26 BALZAC : L'ÉLIXIR DE LONGUE VIE (1830)

L’Élixir de longue vie raconte une histoire tellement baroque, si outrée dans sa scène finale qu’il semble incroyable qu’elle sorte de la plume et de l’imagination de Balzac. Enfin, ce n'est pas tout à fait vrai, car il avoue dans son avertissement « Au lecteur » la dette qu’il a envers « Hoffmann de Berlin » et continue fièrement : « La Comédie humaine est assez riche en inventions pour que l’auteur avoue un innocent emprunt … ».

 

J’ai sans doute encore quelques œuvres de ETA Hoffmann à découvrir, mais je ne vois pas, dans tout ce que j’en ai lu (c'est-à-dire les quatorze remarquables volumes édités jadis par Jean-Pierre Sicre aux éditions Phébus), un récit comparable, c’est-à-dire finissant dans un tel spectacle de grand-guignol. Le fantastique de Hoffmann, autant qu’il m’en souvienne, est moins dans un réel qui sortirait effectivement de ses gonds que dans le désir de l’imagination humaine de voir autre chose que ce qu’elle a devant les yeux.

 

Il s’agit d’un parricide, ou tout au moins d’une variante. C’est aussi une variation sur le thème de Don Juan, une variation « philosophique » si l’on veut (puisque l’auteur range l’histoire dans les « Etudes » ainsi qualifiées). Balzac se garde, dans son « Au lecteur », de « faire de l’atroce ». C’est ce qu’il dit, on n’est pas forcé de le croire.  

 

Car de l’atroce, il y en a, fondé ici sur les rapports d’intérêt entre les humains en général et en particulier entre les enfants et leurs parents. Balzac le formule joliment : « La société humaine, qui marche, à entendre quelques philosophes, dans une voie de progrès, considère-t-elle comme un pas vers le bien, l’art d’attendre les trépas ? ». Il veut parler des « espérances » supposées que donne à tout héritier potentiel le prochain trépas d'un parent riche et mal portant.

 

Mais il faudrait citer tout l’avant-propos, véritable chef d’œuvre de cruauté (lucidité ?), s’agissant des vraies motivations qui font les « relations humaines », le plus souvent fondées sur les calculs les plus sordides. On sait que bien des figures paternelles de La Comédie humaine sont pathétiques, à commencer par le cercueil du Père Goriot, pour lequel ses propres filles (Restaud et Nucingen) se sont contentées d’envoyer leurs voitures, richement décorées à leurs armes mais vides de leur présence physique.

 

Ces basses motivations, notre époque, qui a inventé des « directeurs » spécialisés dans ces affaires, les a sans aucun doute jetées à la poubelle.
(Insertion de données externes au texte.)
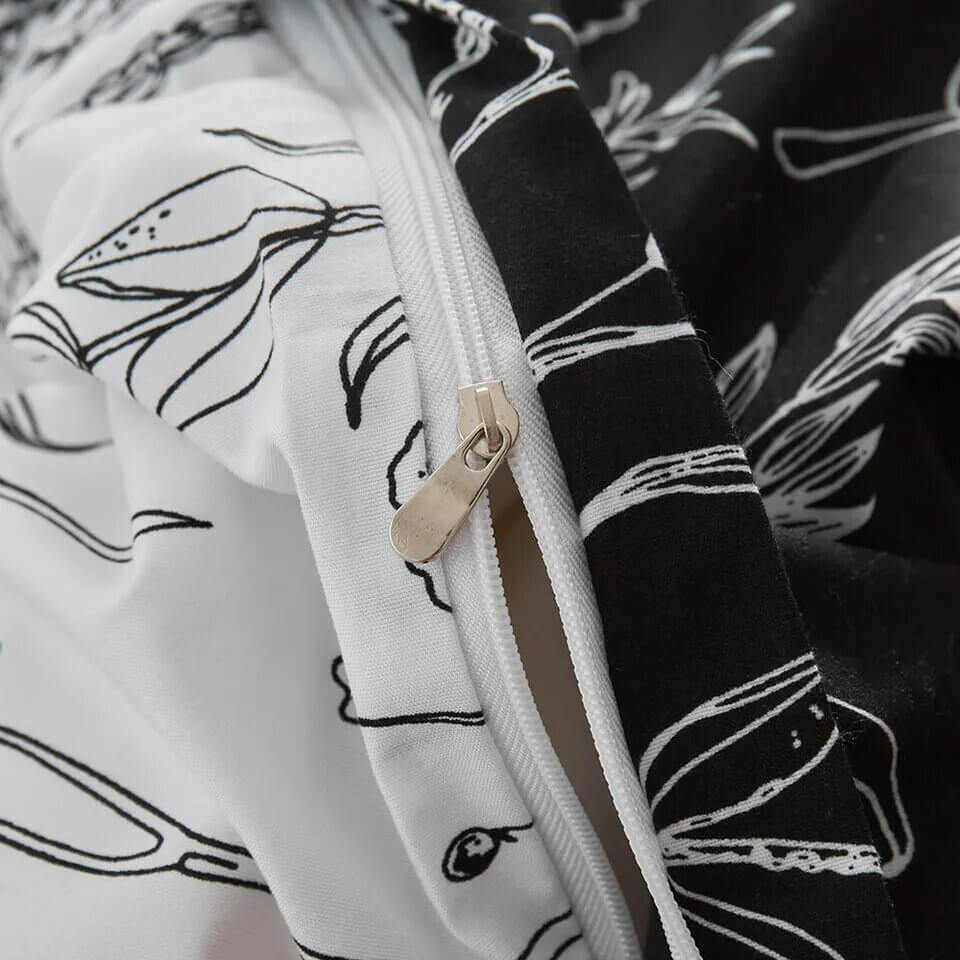 Printed duvet cover with black leaves and pale pink background, extra soft microfiber.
Mais est-ce bien sûr ? Si c’était le cas, on ne citerait pas l’exemple amusant de ce pauvre notaire qui avait eu le malheur d’acheter une maison. Pas n’importe laquelle : il s’agissait d’un viager. La propriétaire s’appelait Jeanne Calment.

 

Don Juan Belvidéro attend donc fort impatiemment la mort de son bien-aimé et richissime géniteur. Et c’est en compagnie de fort accortes bougresses, disons des courtisanes, qu’il prend son mal en patience. Leur caractère est décrit d’un seul trait de pinceau : « C’était une innocente jeune fille accoutumée à jouer avec toutes les choses sacrées ». Dans un décor somptueux, on mange, on boit, on plaisante avec légèreté et insouciance.

 

Quand le vieux domestique lui annonce que son père vit ses derniers instants, il se lève et quitte l’assemblée : « … il s’efforça de prendre une contenance de théâtre ; car, en songeant à son rôle de fils, il avait jeté sa joie avec sa serviette ». Si ça ce n’est pas savoir écrire, je veux bien regarder passer les trains, les quatre sabots dans l’herbe verte des prairies.

 

Le vieux Bartholoméo Belvidéro a accumulé d’énormes richesses en commerçant avec l’Orient aux « talismaniques contrées », mais amassé en même temps « des connaissances plus précieuses, disait-il, que l’or et les diamants ». Son indulgence pour son fils unique, né tardivement, était sans bornes, et donc coupable, et trouvera dans l’ingratitude criminelle de celui-ci sa juste récompense.

 

Car le vieux, qui n’a aucune envie de mourir, révèle à son fils qu’il a trouvé le moyen de ressusciter, une fois sa mort dûment constatée. Ses immenses connaissances obtenues au cours de ses voyages lui ont en effet permis d’élaborer un mystérieux élixir au pouvoir surnaturel. Il est contenu dans un « petit flacon de cristal de roche ».

 

Mais quand Don Juan profère : « Il y en a bien peu », le père comprend qu’il s’est leurré du tout au tout sur le sentiment filial de son fils, et meurt dans l’affreuse souffrance morale du naïf qui découvre soudain l’hypocrisie de celui en qui il avait le plus confiance. Car il devine que Don Juan pense déjà à sa propre mort.

 

Il n’a même pas le temps de se repentir d’avoir été pour son rejeton un éducateur épouvantablement laxiste. Bien fait pour lui, tiens, ça lui apprendra.

 

Voilà ce que je dis, moi.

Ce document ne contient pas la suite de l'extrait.